# INSTRUCTIONS TO FOLLOW
With the exception of the pictures, write out the data below precisely.

-- DATA FOR THIS EXERCISE follows --

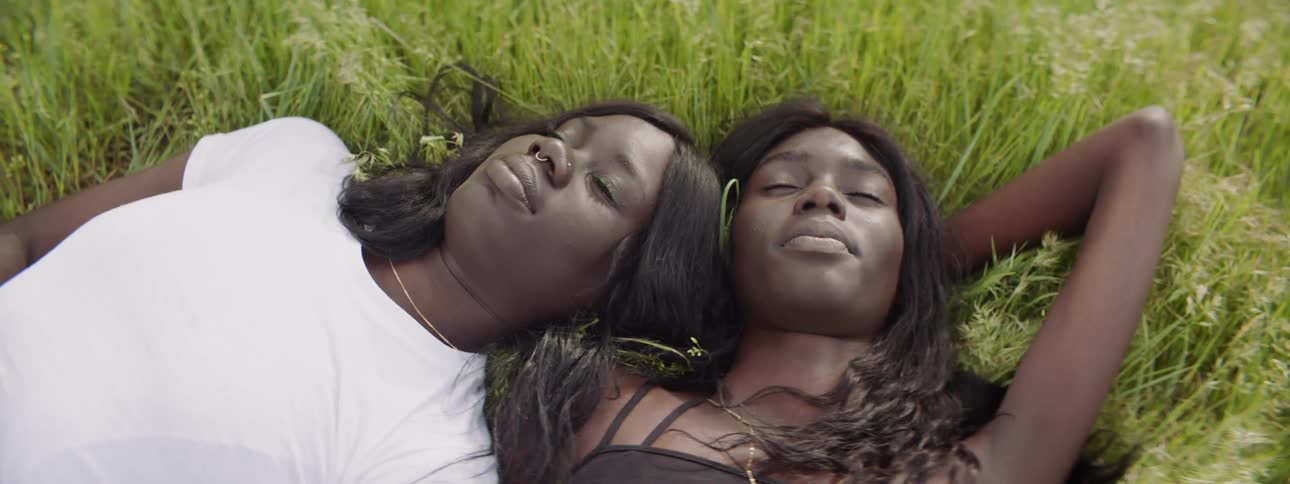 Two women are laying in the grass outdoors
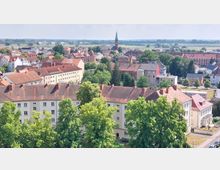 Stadtansicht mit Wohnhäusern in Fassadenreihe, roten Ziegeldächern und grünen Bäumen im Vordergrund, im Hintergrund eine Kirche mit spitzem Turm sowie Felder und Wiesen in der Ferne.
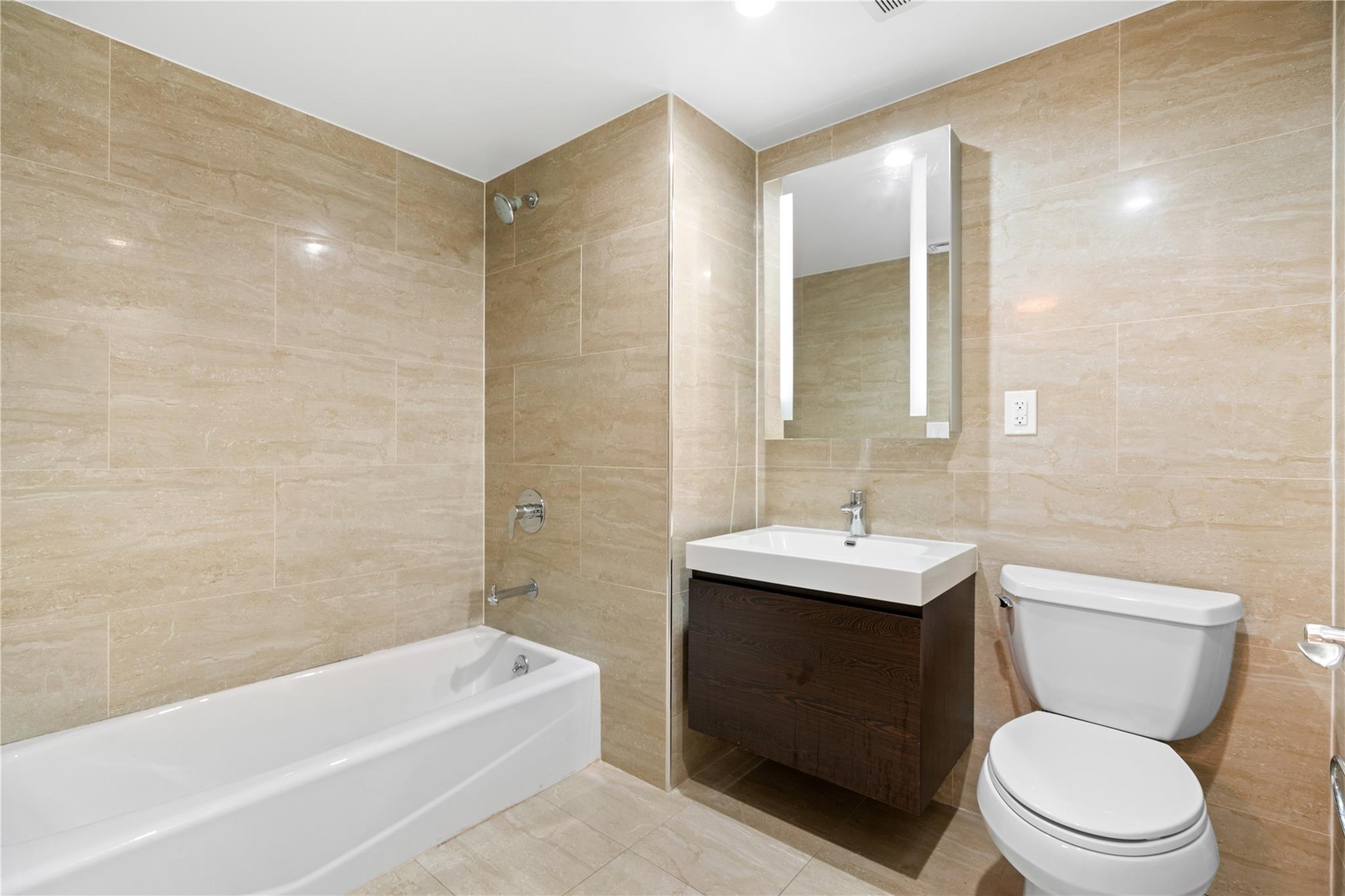 9745 63rd Drive, Unit 7A Queens, NY 11374 - Photo 13 of 20 a bathroom with a sink a toilet and shower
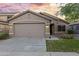 Charming single-story home with a two-car garage, desert landscaping, and a beautiful sunset sky at 13723 W Rovey Ave, Litchfield Park, AZ 85340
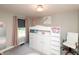 Bright bedroom features a unique loft bed with built in storage and a modern chandelier light fixture at 2280 Meadow Crk, Avon, IN 46123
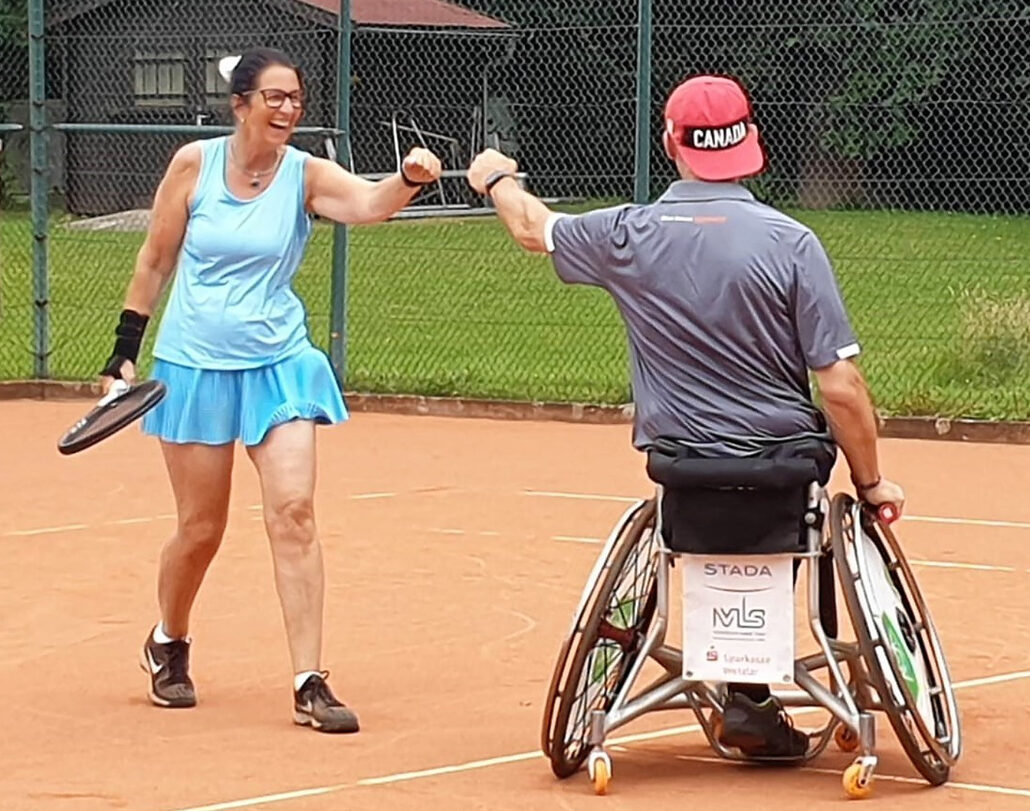 Tennisspielerin und Tennisspieler mit Handycap grüßen sich auf dem Platz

-- DATA FOR THIS EXERCISE concluded --

# OUTPUT FOR THIS EXERCISE
 Two women are laying in the grass outdoors
 Stadtansicht mit Wohnhäusern in Fassadenreihe, roten Ziegeldächern und grünen Bäumen im Vordergrund, im Hintergrund eine Kirche mit spitzem Turm sowie Felder und Wiesen in der Ferne.
 9745 63rd Drive, Unit 7A Queens, NY 11374 - Photo 13 of 20 a bathroom with a sink a toilet and shower
 Charming single-story home with a two-car garage, desert landscaping, and a beautiful sunset sky at 13723 W Rovey Ave, Litchfield Park, AZ 85340
 Bright bedroom features a unique loft bed with built in storage and a modern chandelier light fixture at 2280 Meadow Crk, Avon, IN 46123
 Tennisspielerin und Tennisspieler mit Handycap grüßen sich auf dem Platz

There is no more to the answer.